Custom step templates
Sometimes there isn't a built-in step template or a community step template available that does what you need. Or perhaps several of your projects have similar or identical steps. You can create your own custom step templates to reuse across your projects. You can also share them with the community.
Custom step templates can be based on a built-in or installed community step templates. These custom step templates can be reused in projects and managed in the step template library.
Creating custom step templates
To create your own step template, perform the following.
- Navigate to the Library ➜ Step Templates area and click Add.
- Select a built-in step to base your custom step template on.

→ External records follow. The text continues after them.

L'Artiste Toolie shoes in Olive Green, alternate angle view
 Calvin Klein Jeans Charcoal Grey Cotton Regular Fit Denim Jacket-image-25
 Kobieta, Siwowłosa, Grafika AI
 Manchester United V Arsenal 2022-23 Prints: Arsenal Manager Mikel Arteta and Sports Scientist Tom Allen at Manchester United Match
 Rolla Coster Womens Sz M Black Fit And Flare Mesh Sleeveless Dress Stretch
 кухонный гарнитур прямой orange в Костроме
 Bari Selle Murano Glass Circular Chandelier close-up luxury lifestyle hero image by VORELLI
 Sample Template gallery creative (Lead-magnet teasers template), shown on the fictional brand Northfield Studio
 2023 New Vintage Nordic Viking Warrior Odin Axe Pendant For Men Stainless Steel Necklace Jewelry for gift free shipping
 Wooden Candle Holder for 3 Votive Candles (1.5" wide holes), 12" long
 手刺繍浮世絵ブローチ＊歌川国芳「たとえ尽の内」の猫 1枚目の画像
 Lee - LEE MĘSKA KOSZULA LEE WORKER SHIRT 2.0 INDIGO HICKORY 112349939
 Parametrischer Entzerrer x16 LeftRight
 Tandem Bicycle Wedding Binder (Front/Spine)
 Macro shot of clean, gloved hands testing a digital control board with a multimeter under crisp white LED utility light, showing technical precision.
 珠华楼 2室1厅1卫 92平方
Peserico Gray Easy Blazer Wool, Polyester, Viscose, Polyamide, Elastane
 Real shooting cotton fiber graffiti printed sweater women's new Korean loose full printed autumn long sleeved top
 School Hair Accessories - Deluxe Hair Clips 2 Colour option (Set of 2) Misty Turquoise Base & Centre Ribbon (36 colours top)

- Populate the step template.
There are three parts to any step template:
- Step details.
- Additional parameters.
The Step tab is where you fill out the details of what the step will do. This tab gives you exactly the same fields as you would see if you added the step type directly to your project, so it will be the most familiar.
Any details that need to be specified at the project level can be handled using Parameters. Any parameters specified in the Parameters tab will be exposed to you as variables and can be used in the same way.
The Parameters tab allows you to specify fields that will be filled out by the users of this step.
You're required to give the parameter a variable name and label to use, as well as some optional help text and a default value.
Finally, you can choose the way the field will appear to a user with the Control type field. There are a number of options available, however keep in mind the end result will be a variable with a string value.
2019.10.0 introduced a new Package control type. This new control type allows the selection of a Feed and Package to use as part of the step to be deferred until the step template is added to a project.
Any variables you configure as Parameters will be available as variables that can be used in the Step tab of the step template.
The Settings tab allows you to give your step a name and optional description.
After saving your step, you'll notice another tab called Usage. This tab shows where the step is being used and whether the version being used is current or a previous version.
You'll also see a handy counter next to the Usage tab so you can see at a glance how many projects are out-of-date. You have the ability to filter database-backed usages by project, process type, and whether they are on the latest version of the step template or not.
If you have version-controlled projects that use step templates, you will be able to see a tab with version-controlled usages from up to twenty recent releases. You can filter this list to search for usage in a specific branch or use the advanced filters.
Note: The list of version-controlled usages will only include processes that have been released since converting to version control, and usages will be detected only if a version-controlled process used the step template at the time the release was created.
Custom step templates inherit their logo from the template that was used to create them. This means that most of them will share the same logo. Fortunately this can be easily changed and each custom template can have its own unique logo. To do that navigate to the Settings tab and upload a custom logo from there.
Export your custom step template
If you want to transport, backup, or share your custom step templates with the community, you can export a template by finding your template in Library ➜ Step Templates, and clicking the Export link.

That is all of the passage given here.